*About this task*:
Write out each line of the listing as it stands, without the images.

*Dataset excerpt*:

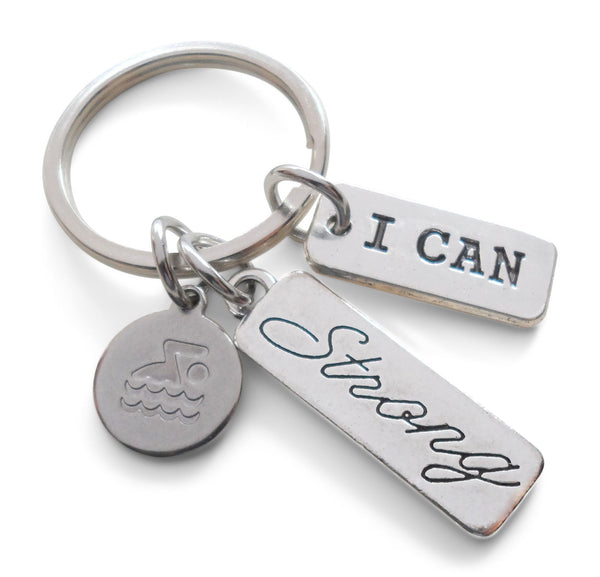 Swimmer Charm, Strong Tag, and I Can Tag Charm Keychain, Swim Keychain, Swimming Fitness Encouragement Keychain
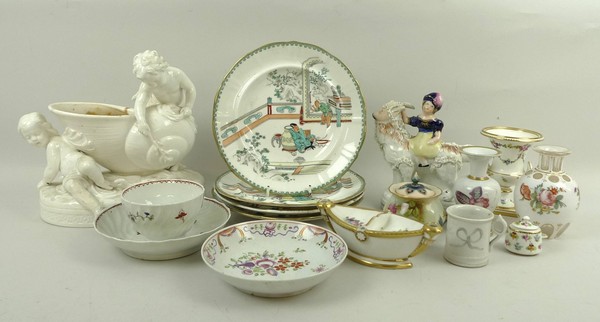 A quantity of ceramics, comprising a Staffordshire figure of the Princess Royal seated on a goat,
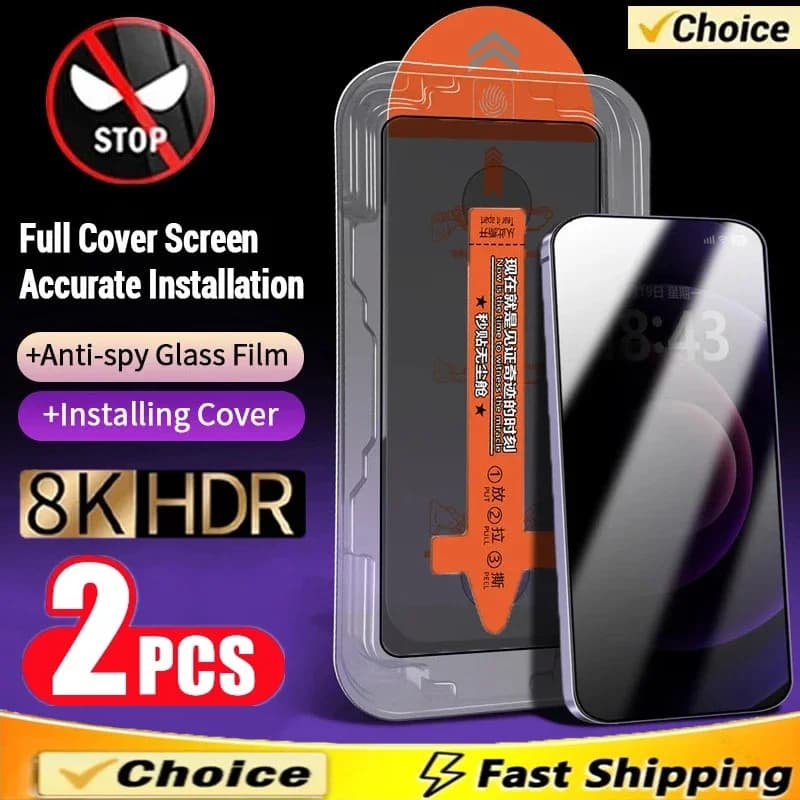 Dust Free Installation Privacy Screen Protector for IPhone 16 15 14 13 12 11 Pro Max Mini 7 8 15 16 Plus XS X XR Anti-Spy Glass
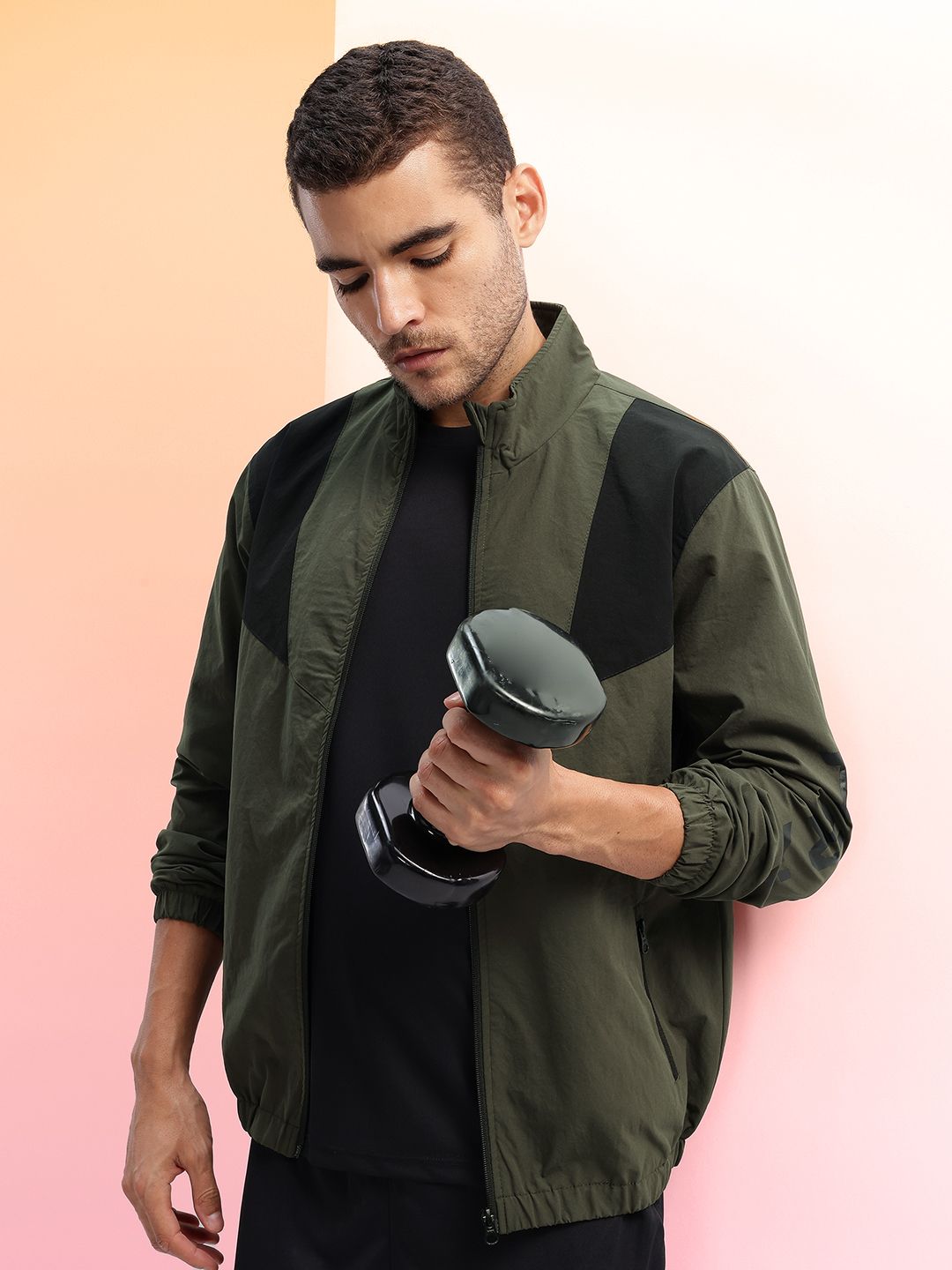 HRX by Hrithik Roshan Colourblocked Rapid-Dry Training Bomber Jacket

*Solution to this problem*:
 Swimmer Charm, Strong Tag, and I Can Tag Charm Keychain, Swim Keychain, Swimming Fitness Encouragement Keychain
 A quantity of ceramics, comprising a Staffordshire figure of the Princess Royal seated on a goat,
 Dust Free Installation Privacy Screen Protector for IPhone 16 15 14 13 12 11 Pro Max Mini 7 8 15 16 Plus XS X XR Anti-Spy Glass
 HRX by Hrithik Roshan Colourblocked Rapid-Dry Training Bomber Jacket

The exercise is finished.